3 exclamation points in their voices. Maybe 4.
So we got up.
I needed to head out to grab supplies since we had to depack so much, so I asked at the hotel desk where was the best place to resupply? Walgreens, they suggested. They gave me directions. Take a left at the bottom of the driveway. Drive along Taylor road or street or highway and it’ll turn into Rosencrantz, (not Guildenstern) and on the right would be a Walgreens.
Ok, easy enough, but I had that deep, dark fear I’d get lost.
Long story short, I didn’t get lost, but nor did I ever find that Walgreens. But this is the land of malls and I found a grocery store that was open. At 7am! I bought all the things we’d left behind and some pepto to counter balance the wasabi nuts and tortilla soup someone ate last night. Then I headed back.
Everyone was up and we hit our first challenge of the day: 1 bathroom. 4 people. Hard to all brush our teeth, have showers, floss, blow dry our hair (or gel it), put on deo, sunscreen, makeup… in such a tiny space.
We had to do it one at a time. But the boys were so excited to go, they were ready in record time, so for a laugh, while the Prettiest-girl-in-the-world got ready, the boys and I decided to be English.
Upper class English at that.
Just because we could.
My apologies to any of my English friends for what followed.
The oldest one was the first to respond, and respond correctly. “Jolly good.”
Me: “Today, we shall speak in English accents, which is in fact, an accent not too dissimilar from how we now speak, and we shall use ten words when, in truth and without a doubt, only one word is utterly and completely necessary.”
“Jolly good, sir,” pipped the oldest.
“Jolly, jolly, jolly, jolly good,” said the youngest, using, as was required, far more words than necessary.

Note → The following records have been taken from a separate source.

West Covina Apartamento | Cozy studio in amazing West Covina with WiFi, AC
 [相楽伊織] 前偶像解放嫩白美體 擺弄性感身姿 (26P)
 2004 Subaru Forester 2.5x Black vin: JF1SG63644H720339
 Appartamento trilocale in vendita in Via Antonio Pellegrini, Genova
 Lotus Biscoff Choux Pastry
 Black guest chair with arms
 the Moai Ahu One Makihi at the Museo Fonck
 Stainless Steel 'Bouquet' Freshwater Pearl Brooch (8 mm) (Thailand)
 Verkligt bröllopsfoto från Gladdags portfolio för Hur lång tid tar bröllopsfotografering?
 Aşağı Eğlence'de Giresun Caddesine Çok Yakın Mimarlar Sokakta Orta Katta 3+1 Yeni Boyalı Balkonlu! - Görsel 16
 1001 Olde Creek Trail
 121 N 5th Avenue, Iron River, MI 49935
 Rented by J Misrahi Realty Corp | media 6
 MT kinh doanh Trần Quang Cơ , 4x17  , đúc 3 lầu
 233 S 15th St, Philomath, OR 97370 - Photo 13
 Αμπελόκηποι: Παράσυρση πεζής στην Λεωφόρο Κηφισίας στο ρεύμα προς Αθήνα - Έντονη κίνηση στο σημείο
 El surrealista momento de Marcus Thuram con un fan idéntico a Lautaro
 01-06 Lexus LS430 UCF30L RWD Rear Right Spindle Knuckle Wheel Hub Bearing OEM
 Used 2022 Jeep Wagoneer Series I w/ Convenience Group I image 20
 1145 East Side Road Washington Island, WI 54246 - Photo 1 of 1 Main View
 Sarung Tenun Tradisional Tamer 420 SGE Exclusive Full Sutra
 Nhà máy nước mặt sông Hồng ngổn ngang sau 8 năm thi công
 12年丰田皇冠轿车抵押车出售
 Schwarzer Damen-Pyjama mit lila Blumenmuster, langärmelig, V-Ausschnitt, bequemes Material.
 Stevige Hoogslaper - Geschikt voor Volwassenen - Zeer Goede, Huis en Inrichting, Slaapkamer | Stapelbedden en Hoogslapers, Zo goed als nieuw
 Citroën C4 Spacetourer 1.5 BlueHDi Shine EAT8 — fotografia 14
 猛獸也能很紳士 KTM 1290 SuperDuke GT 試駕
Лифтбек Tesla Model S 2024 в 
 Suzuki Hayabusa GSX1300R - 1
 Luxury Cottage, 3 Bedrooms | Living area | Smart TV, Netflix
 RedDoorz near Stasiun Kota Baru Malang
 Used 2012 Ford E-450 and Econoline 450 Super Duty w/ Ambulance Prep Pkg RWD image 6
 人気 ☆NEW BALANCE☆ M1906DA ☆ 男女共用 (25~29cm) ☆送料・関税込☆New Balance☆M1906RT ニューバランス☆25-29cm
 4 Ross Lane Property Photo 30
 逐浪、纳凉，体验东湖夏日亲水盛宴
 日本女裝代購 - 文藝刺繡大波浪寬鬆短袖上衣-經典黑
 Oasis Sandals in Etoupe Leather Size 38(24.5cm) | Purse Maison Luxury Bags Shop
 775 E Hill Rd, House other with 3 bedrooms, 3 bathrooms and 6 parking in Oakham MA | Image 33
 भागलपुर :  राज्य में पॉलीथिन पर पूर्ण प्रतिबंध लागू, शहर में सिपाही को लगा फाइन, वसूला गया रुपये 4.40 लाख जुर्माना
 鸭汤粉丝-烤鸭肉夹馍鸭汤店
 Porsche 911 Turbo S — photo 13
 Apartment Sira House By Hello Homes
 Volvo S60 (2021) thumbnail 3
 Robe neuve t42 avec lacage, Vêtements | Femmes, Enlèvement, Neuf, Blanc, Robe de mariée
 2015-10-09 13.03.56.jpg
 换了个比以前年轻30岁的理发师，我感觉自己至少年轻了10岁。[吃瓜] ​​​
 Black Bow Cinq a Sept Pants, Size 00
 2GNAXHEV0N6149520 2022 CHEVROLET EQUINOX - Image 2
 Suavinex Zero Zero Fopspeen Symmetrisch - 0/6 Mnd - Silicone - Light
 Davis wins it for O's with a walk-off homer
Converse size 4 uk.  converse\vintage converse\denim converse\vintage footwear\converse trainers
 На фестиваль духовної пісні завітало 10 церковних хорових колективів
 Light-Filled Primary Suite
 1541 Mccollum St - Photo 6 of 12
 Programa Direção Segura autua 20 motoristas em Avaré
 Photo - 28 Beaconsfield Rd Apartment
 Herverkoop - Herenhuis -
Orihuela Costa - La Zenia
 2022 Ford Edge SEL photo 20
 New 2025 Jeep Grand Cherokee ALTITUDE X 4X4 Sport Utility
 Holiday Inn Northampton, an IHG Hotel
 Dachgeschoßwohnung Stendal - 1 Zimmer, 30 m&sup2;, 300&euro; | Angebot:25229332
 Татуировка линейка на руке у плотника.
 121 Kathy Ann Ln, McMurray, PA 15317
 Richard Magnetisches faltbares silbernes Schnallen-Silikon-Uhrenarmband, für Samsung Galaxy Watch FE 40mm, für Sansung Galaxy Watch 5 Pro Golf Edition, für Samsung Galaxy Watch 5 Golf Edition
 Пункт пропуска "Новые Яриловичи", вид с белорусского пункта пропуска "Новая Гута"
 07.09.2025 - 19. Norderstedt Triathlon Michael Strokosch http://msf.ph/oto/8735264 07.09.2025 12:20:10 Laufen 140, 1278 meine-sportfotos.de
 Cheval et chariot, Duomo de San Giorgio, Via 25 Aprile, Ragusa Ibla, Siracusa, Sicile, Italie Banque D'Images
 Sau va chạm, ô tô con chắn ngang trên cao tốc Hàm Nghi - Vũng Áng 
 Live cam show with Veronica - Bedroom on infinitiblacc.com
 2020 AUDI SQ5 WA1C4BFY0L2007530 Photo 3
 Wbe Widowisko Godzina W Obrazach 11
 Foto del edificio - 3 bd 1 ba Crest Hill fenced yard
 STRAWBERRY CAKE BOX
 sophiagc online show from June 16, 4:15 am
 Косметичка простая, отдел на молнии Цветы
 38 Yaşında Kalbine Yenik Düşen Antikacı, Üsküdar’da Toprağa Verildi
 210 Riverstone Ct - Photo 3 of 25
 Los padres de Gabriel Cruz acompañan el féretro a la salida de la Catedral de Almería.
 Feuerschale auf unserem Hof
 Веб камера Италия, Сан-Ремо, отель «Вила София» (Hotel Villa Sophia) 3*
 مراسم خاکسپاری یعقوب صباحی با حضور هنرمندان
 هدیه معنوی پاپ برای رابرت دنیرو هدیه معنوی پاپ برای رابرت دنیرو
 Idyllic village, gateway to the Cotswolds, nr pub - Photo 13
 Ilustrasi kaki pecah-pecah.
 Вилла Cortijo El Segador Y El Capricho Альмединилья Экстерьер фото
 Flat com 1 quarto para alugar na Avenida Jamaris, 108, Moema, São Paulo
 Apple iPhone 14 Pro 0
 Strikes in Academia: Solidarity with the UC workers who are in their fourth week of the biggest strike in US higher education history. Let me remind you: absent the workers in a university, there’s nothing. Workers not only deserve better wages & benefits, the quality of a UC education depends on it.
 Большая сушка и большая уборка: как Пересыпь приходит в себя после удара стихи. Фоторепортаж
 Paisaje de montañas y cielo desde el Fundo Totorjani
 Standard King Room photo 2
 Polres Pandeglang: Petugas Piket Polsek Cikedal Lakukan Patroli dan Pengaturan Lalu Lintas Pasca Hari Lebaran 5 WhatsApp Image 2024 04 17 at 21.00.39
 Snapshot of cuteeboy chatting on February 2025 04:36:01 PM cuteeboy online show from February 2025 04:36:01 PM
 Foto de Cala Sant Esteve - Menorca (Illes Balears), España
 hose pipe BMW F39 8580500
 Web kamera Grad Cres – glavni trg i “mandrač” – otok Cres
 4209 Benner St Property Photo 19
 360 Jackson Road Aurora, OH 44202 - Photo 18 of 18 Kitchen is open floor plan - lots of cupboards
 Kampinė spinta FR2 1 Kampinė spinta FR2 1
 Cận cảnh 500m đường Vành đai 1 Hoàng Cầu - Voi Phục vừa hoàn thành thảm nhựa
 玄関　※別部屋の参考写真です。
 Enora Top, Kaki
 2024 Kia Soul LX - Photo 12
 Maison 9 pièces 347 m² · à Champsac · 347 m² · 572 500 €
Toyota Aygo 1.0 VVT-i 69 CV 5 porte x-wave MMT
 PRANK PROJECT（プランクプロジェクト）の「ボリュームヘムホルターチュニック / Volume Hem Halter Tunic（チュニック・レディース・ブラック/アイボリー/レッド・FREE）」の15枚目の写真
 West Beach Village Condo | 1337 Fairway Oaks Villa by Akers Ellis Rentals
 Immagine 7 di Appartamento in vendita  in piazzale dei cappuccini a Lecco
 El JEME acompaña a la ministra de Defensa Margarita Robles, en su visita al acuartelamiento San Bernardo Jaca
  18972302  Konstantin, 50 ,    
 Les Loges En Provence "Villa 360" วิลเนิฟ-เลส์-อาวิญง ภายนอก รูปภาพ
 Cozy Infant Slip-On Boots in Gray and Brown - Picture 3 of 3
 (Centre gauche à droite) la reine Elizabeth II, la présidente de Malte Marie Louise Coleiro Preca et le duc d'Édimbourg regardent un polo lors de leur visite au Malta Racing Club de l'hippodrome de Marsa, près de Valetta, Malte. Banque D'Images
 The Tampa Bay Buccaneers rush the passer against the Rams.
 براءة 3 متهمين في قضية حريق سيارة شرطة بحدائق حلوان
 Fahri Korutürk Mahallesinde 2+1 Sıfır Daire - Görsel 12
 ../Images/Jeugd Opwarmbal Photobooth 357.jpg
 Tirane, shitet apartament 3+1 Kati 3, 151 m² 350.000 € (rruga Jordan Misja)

We straightened our backs and I asked, “So, young chaps, how were the crumpets you feasted upon this morning?”
The oldest: “The crumpets were the finest crumpets, sir.” Oh, I sure loved the ‘sir’ addition to their speech.
The youngest: “What? What’s crumpets… I mean, fine sir.”
“Excellent, most excellent,” I said. “Well then, I think we shall put our hands behind our backs and stand even straighter and think lofty thoughts about our queen.” Where upon I began to sing God Save the Queen.
They hummed along, which was, and indeed remains, a surprise that they would not know the song. Then, after I had finished, I added, “And when mommy comes out, she shall inspect us and ensure that we are presentable enough for the public.”
The oldest: “And if he fail the inspection, mommmy will spank our bottoms.” Though how he knew about bottom spanking, I have no idea.
We all laughed.
“Just so,” I said. “Well played.”
The English are polite, I told them. The English do talk about farting all the time or run around shouting at their brother to stop licking them in they eye. Nor do they eat gargle milk at the table. Nor do they ever ask, ‘are we there, yet.” NEVER.
More importantly, the English are always nice to their mommies.
So we would be English today?
The more we spoke, the more ideas we came up with of what if meant to be English, the more we laughed.
When the Prettiest-girl-in-the-world came out, she must have wondered why we were lined up against the wall all giggling.
It was good to be English.
I hoped it was a sign of how the day would play out.